Re: Resolving deltas dominates clone time

Jeff King <peff@xxxxxxxx> · Mon, 22 Apr 2019 16:56:54 -0400

On Mon, Apr 22, 2019 at 02:21:40PM -0600, Martin Fick wrote:

> > Try this (with a recent version of git; your v1.8.2.1 won't have
> > --batch-all-objects):
> > 
> >   # count the on-disk size of all objects
> >   git cat-file --batch-all-objects --batch-check='%(objectsize)
> > %(objectsize:disk)' | perl -alne '
> >     $repo += $F[0];
> >     $disk += $F[1];
> >     END { print "$repo / $disk = ", $repo/$disk }
> >   '
> 
> This has been running for a few hours now, I will update you with results when 
> its done.

Hours? I think something might be wrong. It takes 20s to run on
linux.git.

> > 250:1 isn't inconceivable if you have large blobs which have small
> > changes to them (and at 8GB for 8 million objects, you probably do have
> > some larger blobs, since the kernel is about 1/8th the size for the same
> > number of objects).
> 
> I think it's mostly xml files in the 1-10MB range.

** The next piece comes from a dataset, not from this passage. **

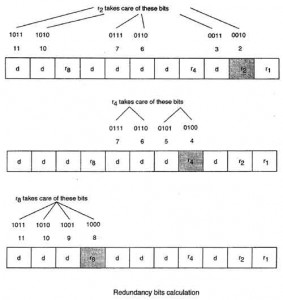 Hamming Code Calculation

Yeah, I could believe that would do it, then. Take a 10MB file with a
hundred 1K updates. That'd be 99*1K + 10MB to store, for almost 100:1
compression.

The key is really having objects where the size of change versus the
file size is small (so the marginal cost of each revision is small), and
then having lots of changes (to give you a big multiplier).

> > So yes, if you really do have to hash 2TB of data, that's going to take
> > a while.
> 
> I was hoping I was wrong. Unfortunately I sense that this is not likely 
> something we can improve with a better algorithm. It seems like the best way 
> to handle this long term is likely to use BUP's rolling hash splitting, it 
> would make this way better (assuming it made objects small enough). I think it 
> is interesting that this approach might end up being effective for more than 
> just large binary file repos. If I could get this repo into bup somehow, it 
> could potentially show us if this would drastically reduce the index-pack 
> time.

It fundamentally can't help without changing Git's object model, since
you need to have complete hashes of all of those files. If you're
proposing to do rolling hashes to split blobs into multiple objects that
would definitely work. But it wouldn't be compatible with Git anymore.

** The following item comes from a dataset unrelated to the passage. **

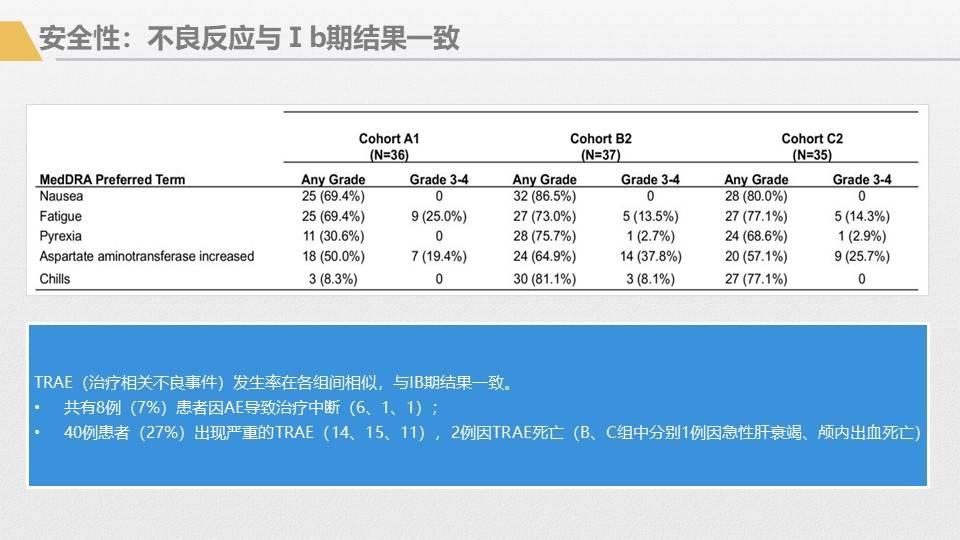 应用|胰腺癌综合治疗大讲堂-免疫治疗专讲主题活动回顾1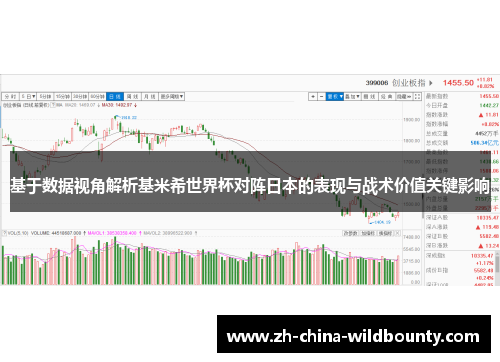 基于数据视角解析基米希世界杯对阵日本的表现与战术价值关键影响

> > If you don't mind losing the collision-detection, using openssl's sha1
> > might help. The delta resolution should be threaded, too. So in _theory_
> > you're using 66 minutes of CPU time, but that should only take 1-2
> > minutes on your 56-core machine. I don't know at what point you'd run
> > into lock contention, though. The locking there is quite coarse.
> 
> I suspect at 3 threads, seems like the default?

Ah, right, I forgot we cap it at 3 (which was determined experimentally,
and which we more or less attributed to lock contention as the
bottleneck). I think you need to use $GIT_FORCE_THREADS to override it.

> I am running some index packs to test the theory, I can tell you already that 
> the 56 thread versions was much slower, it took 397m25.622s. I am running a 
> few other tests also, but it will take a while to get an answer. Since things 
> take hours to test, I made a repo with a single branch (and the tags for that 
> branch) from this bigger repo using a git init/git fetch. The single branch 
> repo takes about 12s to clone, but it takes around 14s with 3 threads to run 
> index-pack, any ideas why it is slower than a clone?

Are you running it in the same repo, or in another newly-created repo?
Or alternatively, in a new repo but repeatedly running index-pack? After
the first run, that repo will have all of the objects. And so for each
object it sees, index-pack will say "woah, we already had that one;
let's double check that they're byte for byte identical" which carries
extra overhead (and probably makes the lock contention way worse, too,
because accessing existing objects just has one big coarse lock).

So definitely do something like:

  for threads in 1 2 3 4 5 12 56; do
	rm -rf repo.git
	git init --bare repo.git
	GIT_FORCE_THREADS=$threads \
	  git -C repo.git index-pack -v --stdin </path/to/pack
  done

to test.

> Perhaps the locking can be improved here to make threading more effective?

Probably, but easier said than done, of course.

> > We also hash non-deltas while we're receiving them over the network.
> > That's accounted for in the "receiving pack" part of the progress meter.
> > If the time looks to be going to "resolving deltas", then that should
> > all be threaded.
> 
> Would it make sense to make the receiving pack time also threaded because I
> believe that time is still longer than the I/O time (2 or 3 times)?

It's a lot harder to thread since we're eating the incoming bytes. And
unless you're just coming from a local disk copy, the network is
generally the bottleneck (and if you are coming from a local disk copy,
then consider doing a local clone which will avoid all of this hashing
in the first place).

-Peff